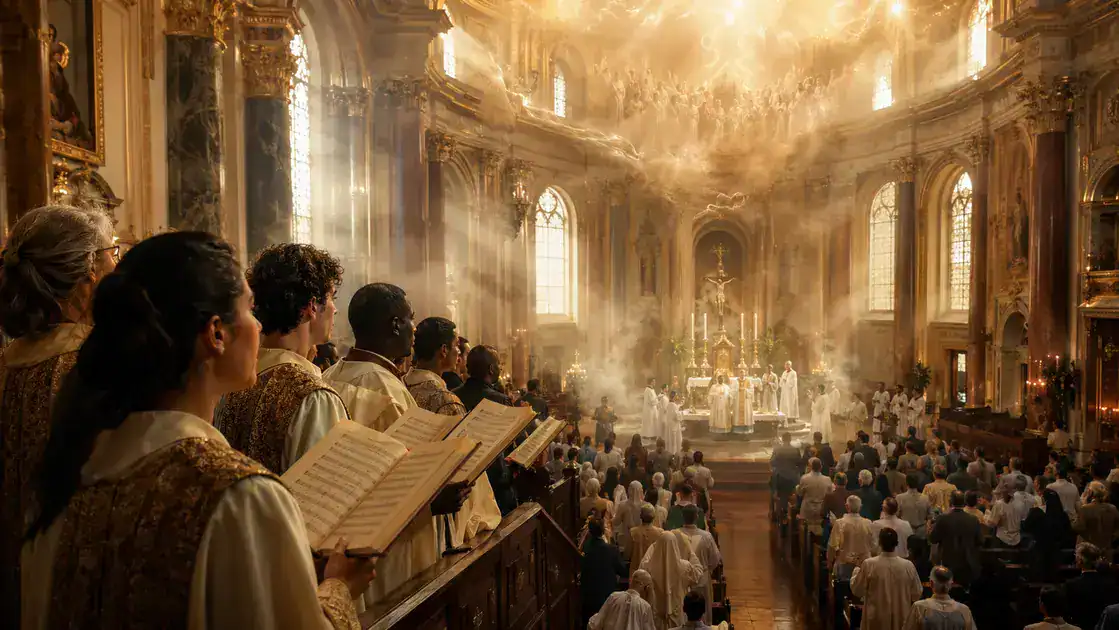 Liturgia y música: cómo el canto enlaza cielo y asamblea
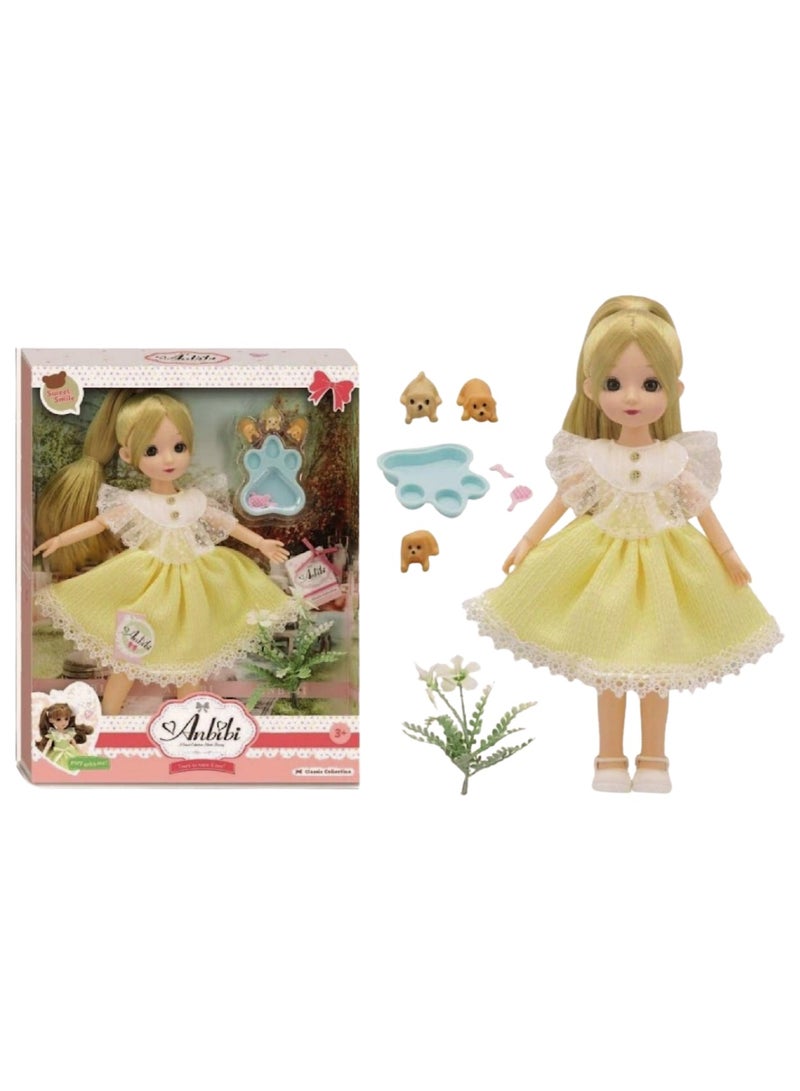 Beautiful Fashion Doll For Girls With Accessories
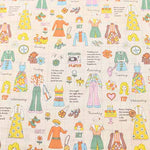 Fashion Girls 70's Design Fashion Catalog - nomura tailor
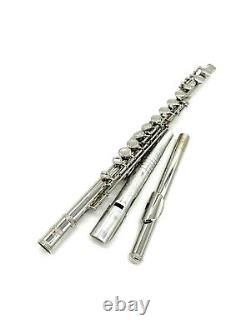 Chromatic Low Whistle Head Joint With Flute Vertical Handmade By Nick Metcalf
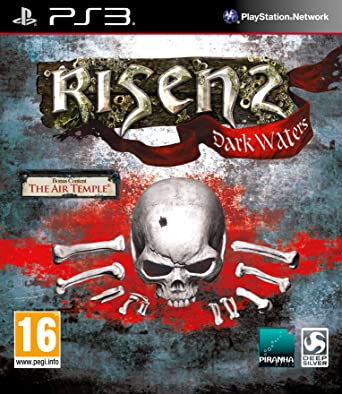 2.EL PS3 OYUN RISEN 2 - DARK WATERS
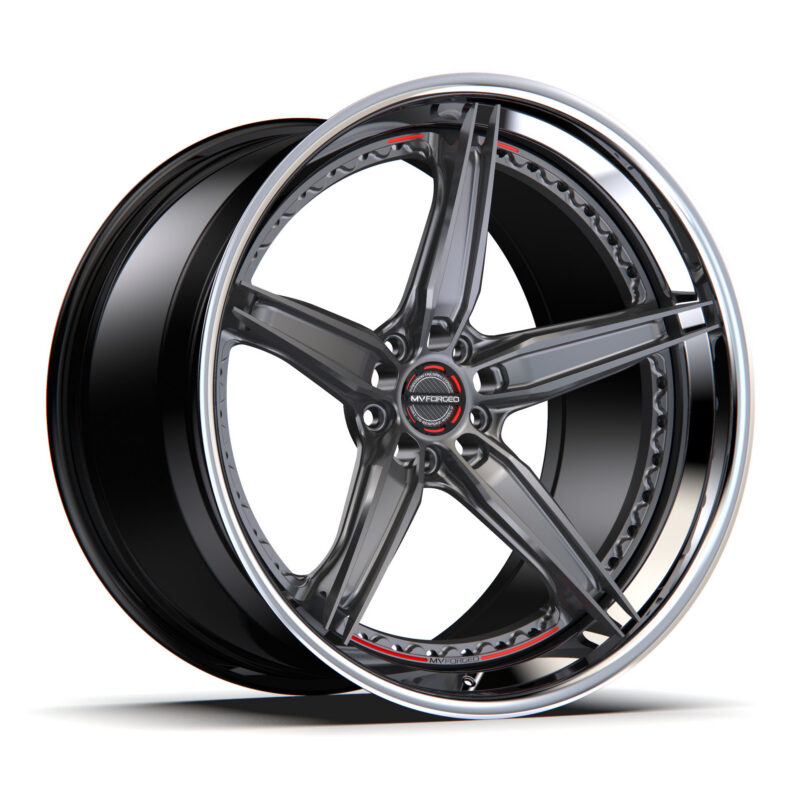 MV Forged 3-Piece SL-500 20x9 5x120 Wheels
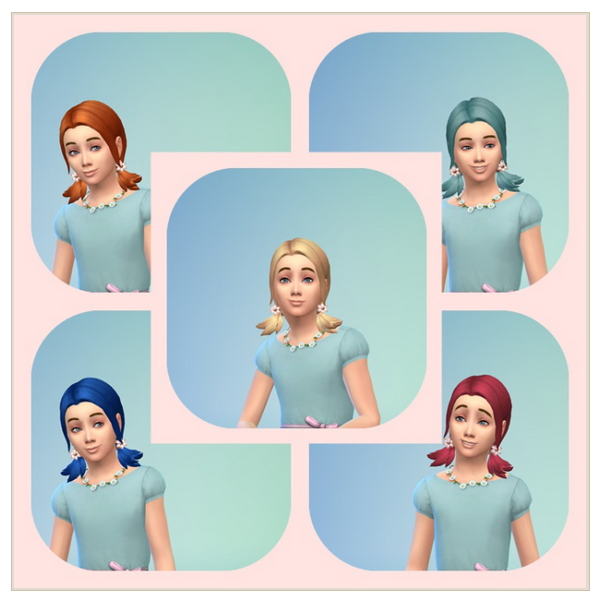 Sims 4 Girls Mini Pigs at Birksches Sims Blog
• • •
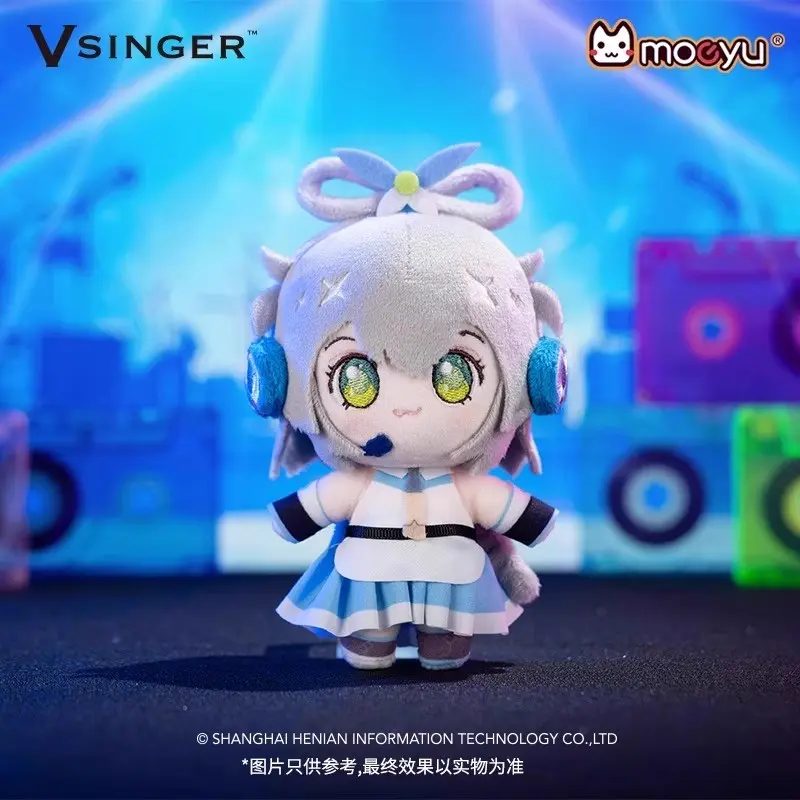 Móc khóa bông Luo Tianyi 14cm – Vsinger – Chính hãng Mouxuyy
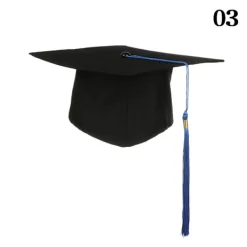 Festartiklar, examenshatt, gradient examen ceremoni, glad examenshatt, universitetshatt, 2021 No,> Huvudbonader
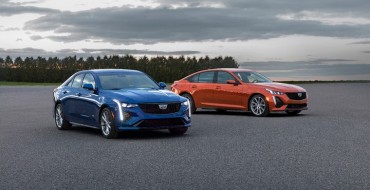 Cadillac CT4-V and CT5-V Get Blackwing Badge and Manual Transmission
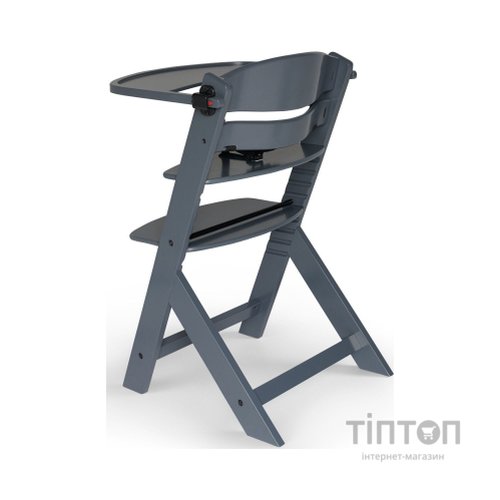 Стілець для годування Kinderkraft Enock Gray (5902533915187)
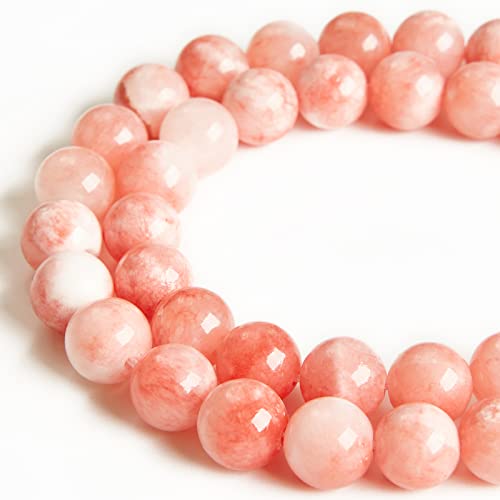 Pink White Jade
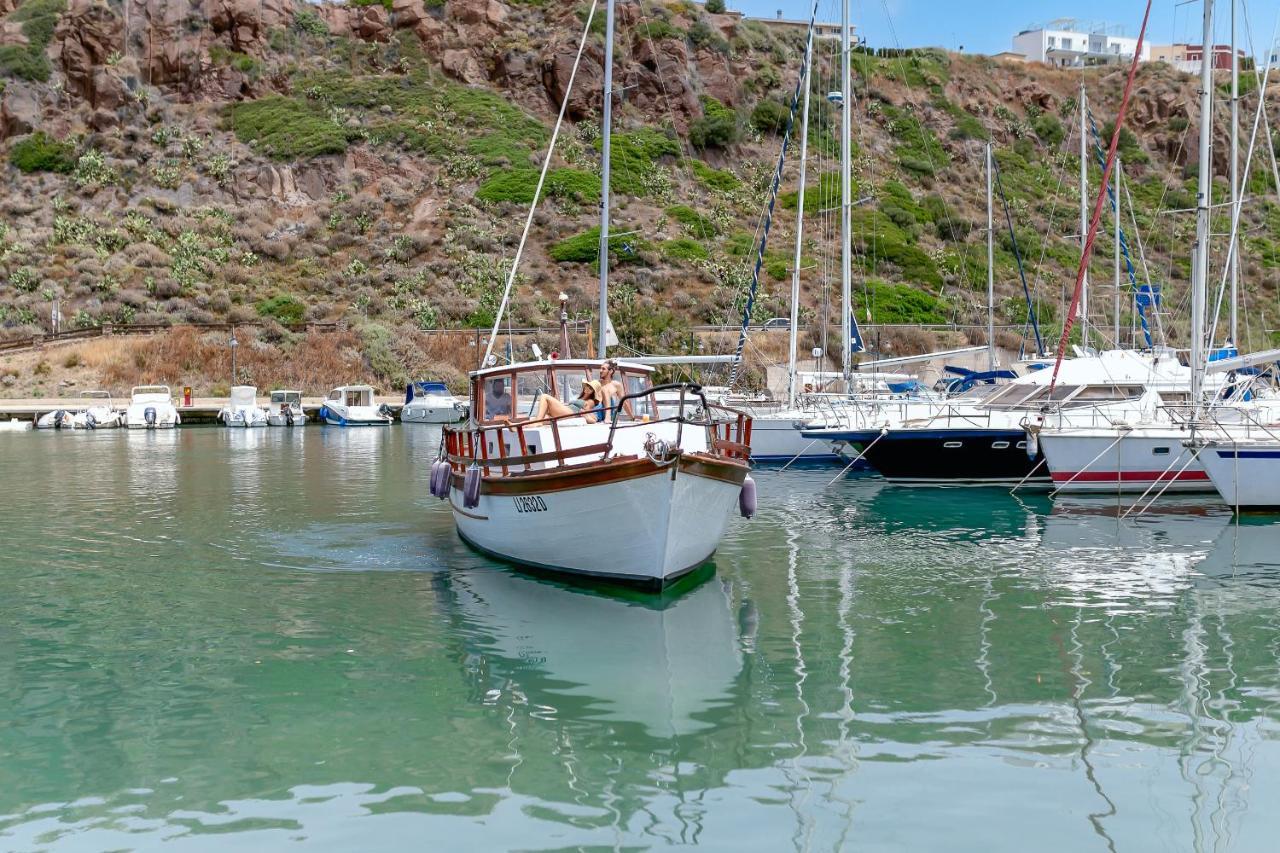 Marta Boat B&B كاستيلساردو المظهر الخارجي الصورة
• • •
From the listing above, repeat only the lines between the line containing "Liturgia y música: cómo" and the line containing "Sims 4 Girls", those two included. Pictures are not part of the copy.

- The answer
 Liturgia y música: cómo el canto enlaza cielo y asamblea
 Beautiful Fashion Doll For Girls With Accessories
 Fashion Girls 70's Design Fashion Catalog - nomura tailor
 Chromatic Low Whistle Head Joint With Flute Vertical Handmade By Nick Metcalf
 2.EL PS3 OYUN RISEN 2 - DARK WATERS
 MV Forged 3-Piece SL-500 20x9 5x120 Wheels
 Sims 4 Girls Mini Pigs at Birksches Sims Blog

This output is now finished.